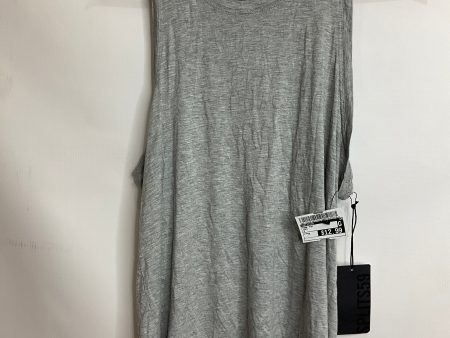 Grey Tank Top Splits59, Size M For Sale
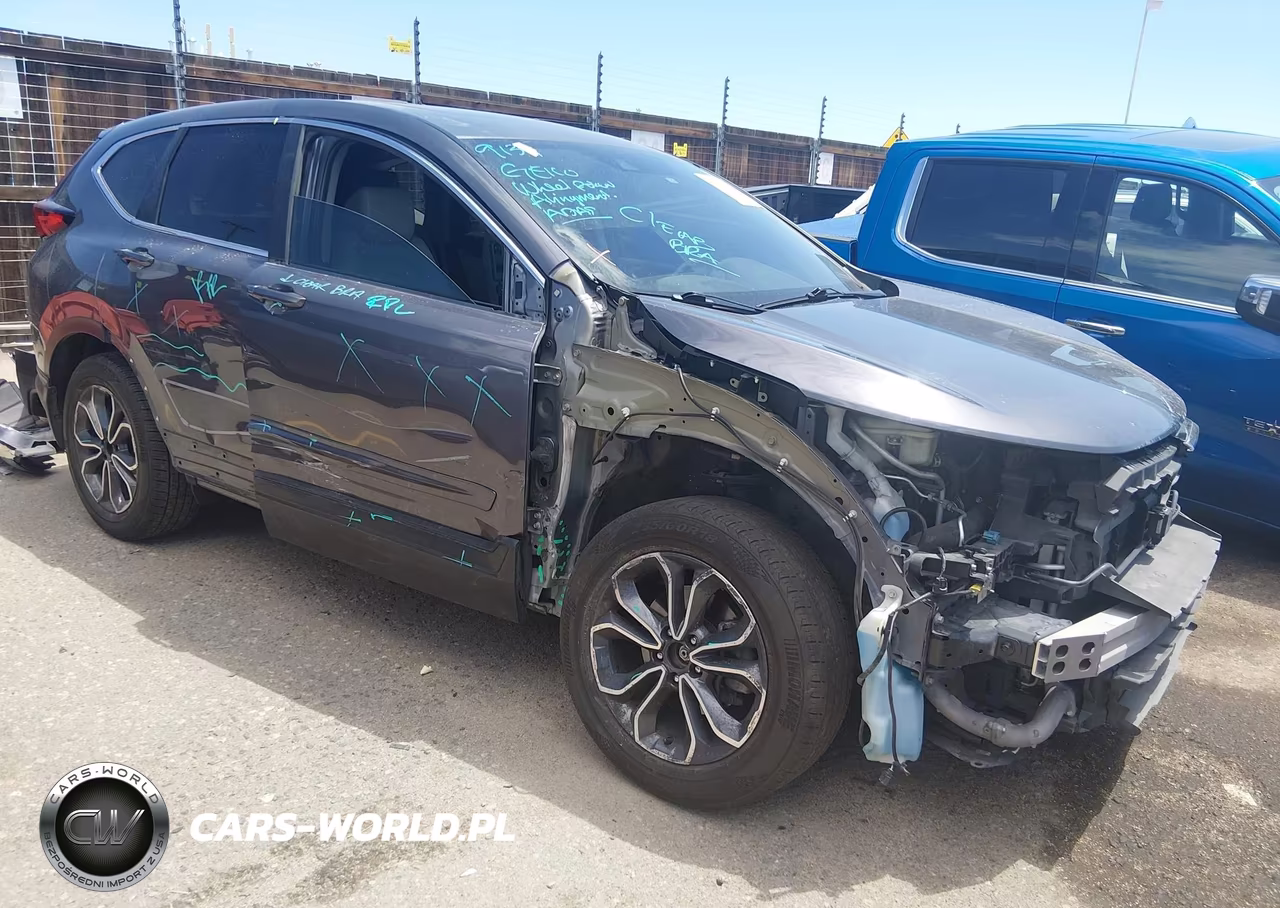 2022 Honda Cr-V Awd Ex-L – zdjęcie 1 z 22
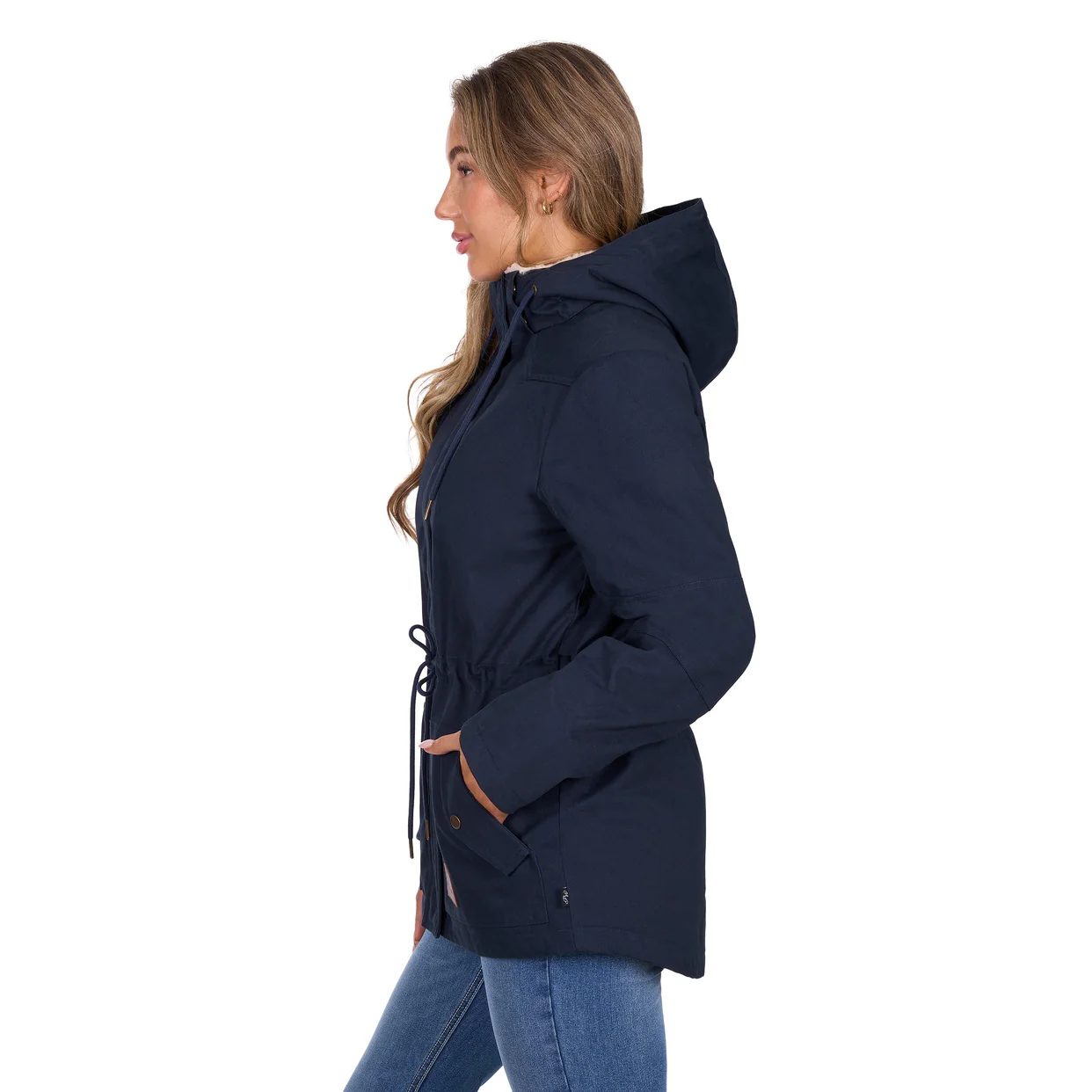 Pure Western Womens Lilith Jacket (P6W2706220) Navy - Image 2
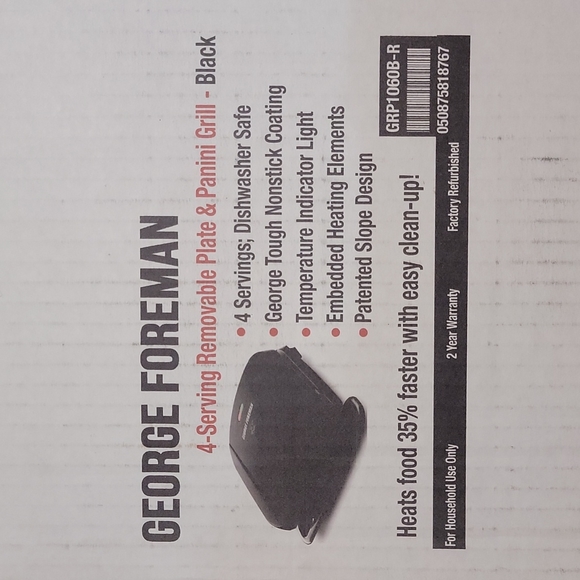 George Foreman Grill - Picture 2 of 2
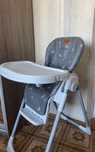 Стільчик для годування MoMi Yumtis dark gray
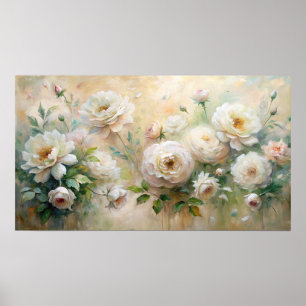 Lijst-tv-ontwerp Poster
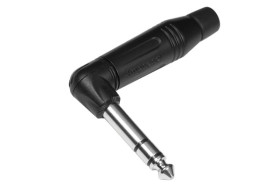 Wtyk jack 1/4 cala Męski Wtyk telefoniczny Montaż na kablu 10A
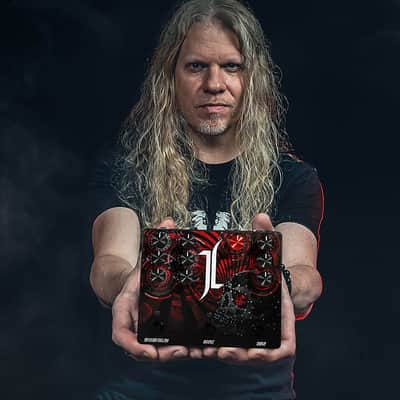 All-Pedal Devil's Triad Jeff Loomis Signature Overdrive Boost Delay and Reverb Pedal image 6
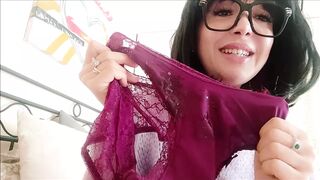 that's who had been to cum in step mom's panties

******************************

## [YOUR GOAL]
Using the material above, set down every line exactly, but skip the pictures.

## [SOLUTION TO THIS EXERCISE]
 Grey Tank Top Splits59, Size M For Sale
 2022 Honda Cr-V Awd Ex-L – zdjęcie 1 z 22
 Pure Western Womens Lilith Jacket (P6W2706220) Navy - Image 2
 George Foreman Grill - Picture 2 of 2
 Стільчик для годування MoMi Yumtis dark gray
 Lijst-tv-ontwerp Poster
 Wtyk jack 1/4 cala Męski Wtyk telefoniczny Montaż na kablu 10A
 All-Pedal Devil's Triad Jeff Loomis Signature Overdrive Boost Delay and Reverb Pedal image 6
 that's who had been to cum in step mom's panties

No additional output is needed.